Oui, moi aussi j'ai attentivement écouté / regardé le Discours que Steve Jobs a tenu aux étudiants de Stanford (USA), et dont il a tant été question dans les jours qui ont suivi sa mort.
Cependant je ne peux m'empêcher d'être surpris voire déçu d'une telle popularité; en effet les propos tenus par le Magicien des Temps (post) Modernes, le Marchand de Jouets, propos qui sont divisés en trois parties ("three stories about my life", trois histoires résumant sa vie et sa vision du monde, annonce-t-il fort scolairement) sont d'une grande provocation.

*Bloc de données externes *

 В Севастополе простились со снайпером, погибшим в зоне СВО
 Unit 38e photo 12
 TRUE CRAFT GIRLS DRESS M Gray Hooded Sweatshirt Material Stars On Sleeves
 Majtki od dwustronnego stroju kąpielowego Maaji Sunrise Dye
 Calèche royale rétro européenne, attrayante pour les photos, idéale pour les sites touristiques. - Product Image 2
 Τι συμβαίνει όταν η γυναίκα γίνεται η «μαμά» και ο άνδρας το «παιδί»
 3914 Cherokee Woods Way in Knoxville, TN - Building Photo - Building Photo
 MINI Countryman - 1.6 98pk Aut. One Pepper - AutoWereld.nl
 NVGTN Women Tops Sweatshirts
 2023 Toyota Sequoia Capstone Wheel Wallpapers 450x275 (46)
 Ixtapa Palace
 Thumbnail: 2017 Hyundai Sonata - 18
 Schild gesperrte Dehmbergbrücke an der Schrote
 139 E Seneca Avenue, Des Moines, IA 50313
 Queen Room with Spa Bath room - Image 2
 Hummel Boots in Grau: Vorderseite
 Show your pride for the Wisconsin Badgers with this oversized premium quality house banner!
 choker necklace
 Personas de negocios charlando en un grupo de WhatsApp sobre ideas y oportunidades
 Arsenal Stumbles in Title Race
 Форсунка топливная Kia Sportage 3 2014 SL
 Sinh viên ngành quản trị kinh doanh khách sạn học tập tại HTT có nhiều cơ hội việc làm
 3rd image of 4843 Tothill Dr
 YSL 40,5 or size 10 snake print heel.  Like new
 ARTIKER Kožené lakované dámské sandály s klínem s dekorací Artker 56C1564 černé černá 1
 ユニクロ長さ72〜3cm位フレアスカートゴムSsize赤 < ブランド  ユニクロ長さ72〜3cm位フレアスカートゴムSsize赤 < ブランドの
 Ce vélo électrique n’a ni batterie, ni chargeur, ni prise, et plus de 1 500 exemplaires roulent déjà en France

D'ailleurs, il me semble que les enseignants tout comme les élèves d'un des temples de l'Elite Etasunienne qu'est l'université de Stanford ne s'y trompent pas: leurs mines sont (poliment) renfrognées, placides, sarcastiques ou incrédules.
Dans l'esprit de son auditoire, le mythe de l'entrepreneur individualiste imbibé de pures valeurs protestantes n'allume aucune étincelle. Le rêve américain est décidément enterré un peu plus chaque jour -et le décès de Steve Jobs, une de ses dernières incarnations, ne fait que sceller plus fermement son tombeau.
Quels sont donc les trois grands principes qui se cachent derrière les témoignages personnels de M. Jobs ?
Eh bien...
1) La meilleure chose qu'il puisse vous arriver pendant vos études, c'est de les arrêter
(certes il faut mieux avoir quelques bons amis chez qui squatter entre deux cours "rien que pour le plaisir")
2) La meilleure chose qu'i puisse vous arriver une fois que vous aurez un emploi, c'est de le perdre
(certes il est plus facile de profiter du chômage pour méditer, faire du sport, aller au cinéma et rencontrer la future mère de vos enfants lorsque votre premier emploi vous a déjà rendu billionaire, mais enfin c'est pas si compliqué...)
3) La meilleure chose qu'il puisse vous arriver dans la vie en général...c'est de mourir.
Troisième point que ce sacré Sboj s'est empressé de mettre en pratique une douzaine de mois plus tard.
Il fut entreprenant (et chanceux, et doué).
Il fut fou (mais surtout perfectionniste, autoritaire, intransigeant, amibitieux).
Des conseils très adolescents, pour une société qui l'est tout autant.
Mais ne serait-il pas temps de grandir un peu, pour de vrai, les enfants?